Short web captions:
^^^^^^^^^^^^^^^^
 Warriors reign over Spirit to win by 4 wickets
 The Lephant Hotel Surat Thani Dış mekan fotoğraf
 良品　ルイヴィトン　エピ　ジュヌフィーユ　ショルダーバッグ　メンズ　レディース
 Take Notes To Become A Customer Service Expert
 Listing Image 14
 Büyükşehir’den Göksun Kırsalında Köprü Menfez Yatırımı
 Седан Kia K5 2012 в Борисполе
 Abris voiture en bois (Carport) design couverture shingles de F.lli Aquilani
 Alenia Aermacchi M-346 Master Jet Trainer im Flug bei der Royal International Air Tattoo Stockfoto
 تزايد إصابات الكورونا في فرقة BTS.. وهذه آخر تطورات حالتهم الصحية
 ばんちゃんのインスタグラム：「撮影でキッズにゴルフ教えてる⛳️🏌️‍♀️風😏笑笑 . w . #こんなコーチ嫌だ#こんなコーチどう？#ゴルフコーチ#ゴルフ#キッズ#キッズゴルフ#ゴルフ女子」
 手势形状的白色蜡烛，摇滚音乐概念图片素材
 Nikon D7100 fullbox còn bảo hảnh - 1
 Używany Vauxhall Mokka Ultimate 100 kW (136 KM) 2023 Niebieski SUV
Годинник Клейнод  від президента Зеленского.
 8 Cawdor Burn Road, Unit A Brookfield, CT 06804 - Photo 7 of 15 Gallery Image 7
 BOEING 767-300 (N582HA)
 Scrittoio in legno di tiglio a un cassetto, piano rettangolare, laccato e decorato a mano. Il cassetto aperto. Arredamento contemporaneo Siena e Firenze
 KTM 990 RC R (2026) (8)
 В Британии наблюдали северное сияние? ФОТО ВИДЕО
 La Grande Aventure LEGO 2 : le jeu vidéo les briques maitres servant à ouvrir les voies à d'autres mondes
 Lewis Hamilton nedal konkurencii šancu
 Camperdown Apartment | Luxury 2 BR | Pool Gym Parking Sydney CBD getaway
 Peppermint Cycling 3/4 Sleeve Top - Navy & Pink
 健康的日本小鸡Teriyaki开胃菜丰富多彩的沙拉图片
^^^^^^^^^^^^^^^^
▸ ASSIGNMENT: In the data above, find the line that contains "Alenia Aermacchi M-346" and the line that contains "BOEING 767-300 (N582HA)". Repeat exactly those lines and every line between them, and only those.

▸ ANSWER TO THE EXERCISE:
 Alenia Aermacchi M-346 Master Jet Trainer im Flug bei der Royal International Air Tattoo Stockfoto
 تزايد إصابات الكورونا في فرقة BTS.. وهذه آخر تطورات حالتهم الصحية
 ばんちゃんのインスタグラム：「撮影でキッズにゴルフ教えてる⛳️🏌️‍♀️風😏笑笑 . w . #こんなコーチ嫌だ#こんなコーチどう？#ゴルフコーチ#ゴルフ#キッズ#キッズゴルフ#ゴルフ女子」
 手势形状的白色蜡烛，摇滚音乐概念图片素材
 Nikon D7100 fullbox còn bảo hảnh - 1
 Używany Vauxhall Mokka Ultimate 100 kW (136 KM) 2023 Niebieski SUV
Годинник Клейнод  від президента Зеленского.
 8 Cawdor Burn Road, Unit A Brookfield, CT 06804 - Photo 7 of 15 Gallery Image 7
 BOEING 767-300 (N582HA)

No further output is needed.